Whenever I study mathematical books (Rudin, Hoffman/Kunze, etc.), I always try to prove every theorem, lemma, corollary, and their relationships in the book. Unfortunately, that determination has been demanding huge time consumption; sometimes, it takes me days to fully understand and able to prove materials in the few pages of book. I am willing to devote my time to understand the topics, but I also wanted to devote time to my undergraduate research projects and other courses. Recently, I started to depend a lot more to the proofs presented in books and websites (like MSE), which has been causing a huge guilt and fear that I am not making the knowledge into my own.
Despite my effort to prove/solve every problem per chapter, I found myself to skip some of the problems and move on to the next chapter, which resulted huge fear as that means I did not fully understand the materials..

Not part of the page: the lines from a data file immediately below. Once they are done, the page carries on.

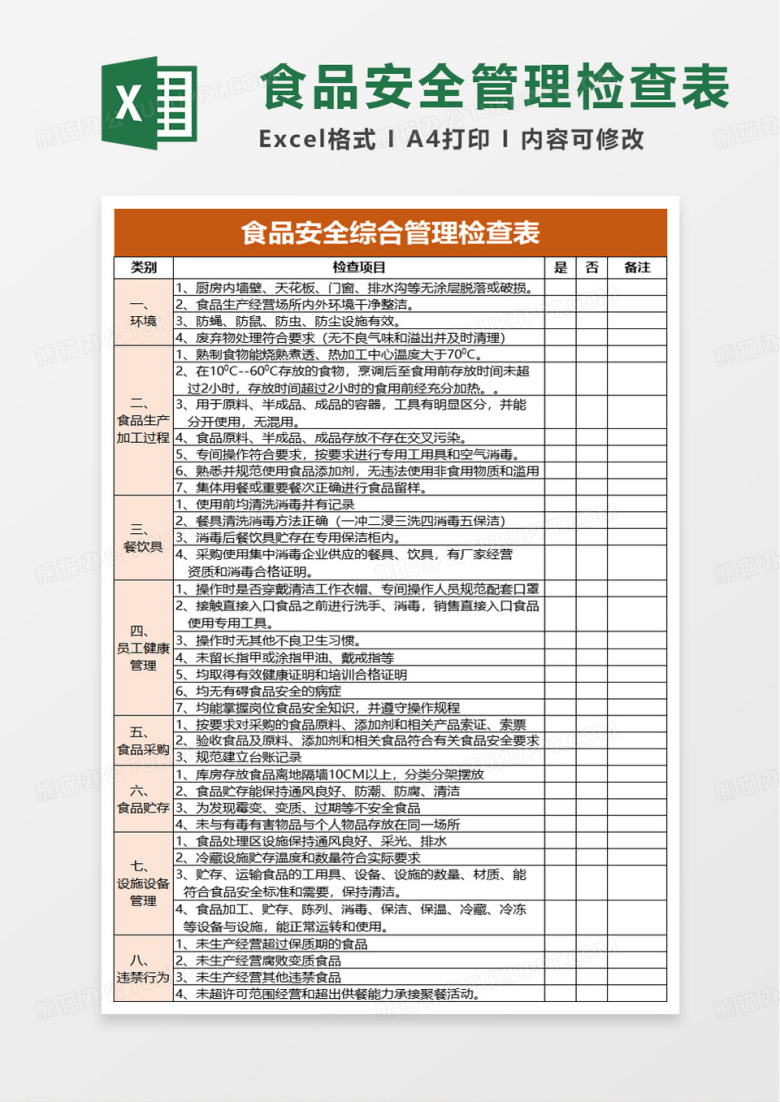 食品安全综合管理检查表excel模板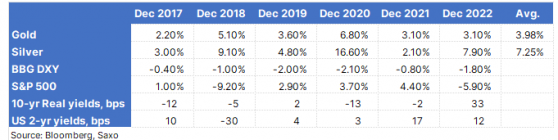 盛寶銀行：金銀將迎來「聖誕老人行情」，過去6年黃金在12月平均回報率為4%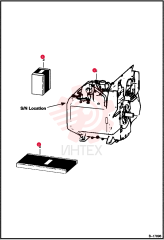 KIT, GASKET 6632526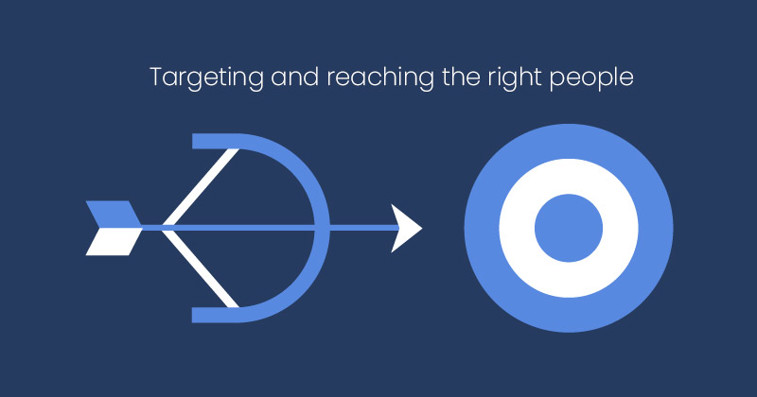 Targeting and reaching the right people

- How do you read the mathematics books and make knowledge on your own?
- Is it absolutely recommended to prove everything and solve every problems in the book?
- Also is it recommended to devote more time to the problems than exposition preceding the problems? I found myself devoting a lot time to the actual expositions in the book as I like to play around with definitions and theorems, try to come up with my own ideas, and formulate my own problems (I actually found that making my own problems is much more fun than problems presented in the book).
I would suggest you read every problem, and in your head if you can see the direction pretty clearly then no need doing that, generally big texts do have repetition, but concise books meant for only problem solving without any theory do try to make sure each problem is unique.
As far as second part of your research goes, I believe your approach gives you more fundamental clarity but definitely not an approach to get 'grades', if you're planning on doing research you should carry on this attitude but if not I would suggest some problem solving.